The Economic Survey 2017-18 suggests that India’s formal sector employment, especially the non-farm payroll, is substantially larger than believed.
The survey defined ‘formal employment’ using two separate lenses. First, when employers are providing some kind of social security to their employees. Second, when firms are part of the tax net.
According to the survey, from a social security perspective formal employment amounts to 6 crores. If you add the estimated 1.5 crore of government workers (excluding defense) to this, you get a total of 7.5 crore. This, as per the survey, is 31 percent of the non-agricultural workforce, which is estimated at 24 crore based on the latest round of the NSSO’s Employment-Unemployment Survey.

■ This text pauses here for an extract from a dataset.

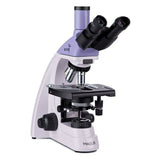 Microscope Magus BIO 250TL-10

The survey added that when ‘formality’ was defined in terms of being part of the Goods and Services Tax (GST) net, the formal sector payroll share was found to be 53 percent. In actual numbers, the formal employment from a tax perspective is 11.2 crore. Adding government employment to this yields a total count of 12.7 crore, said the survey.
Notwithstanding the caveats regarding the specific numbers, the broad conclusion is likely to be robust: formal payrolls may be considerably greater than currently believed.Economic Survey 2018
India does not have a proper data set to track job creation effectively. As such, economists tend to use various proxies to estimate job creation. A recent research paper tried to estimate job creation using EPFO (Employee Provident Fund Organisation) data on the number of accounts opened.
That research by Pulak Ghosh, a professor at Indian Indian Institute of Management, Bangalore, and Soumya Kanti Ghosh, chief economic adviser at State Bank of India, forecast that India will add 70 lakh jobs in 2017-18. Other economists, however, disagreed with this analysis. Former Union minister Jairam Ramesh and economist Praveen Chakravarty in an article in The Hindu said that new additions to EPFO members does not automatically mean net new jobs in the economy.
The government’s own Labour Bureau, which conducts a quarterly employment survey across labour-intensive industries, showed that between January and March 2017, job creation stood at 185,000 as against 122,000 in October-December 2016 and 32,000 in July-September 2016.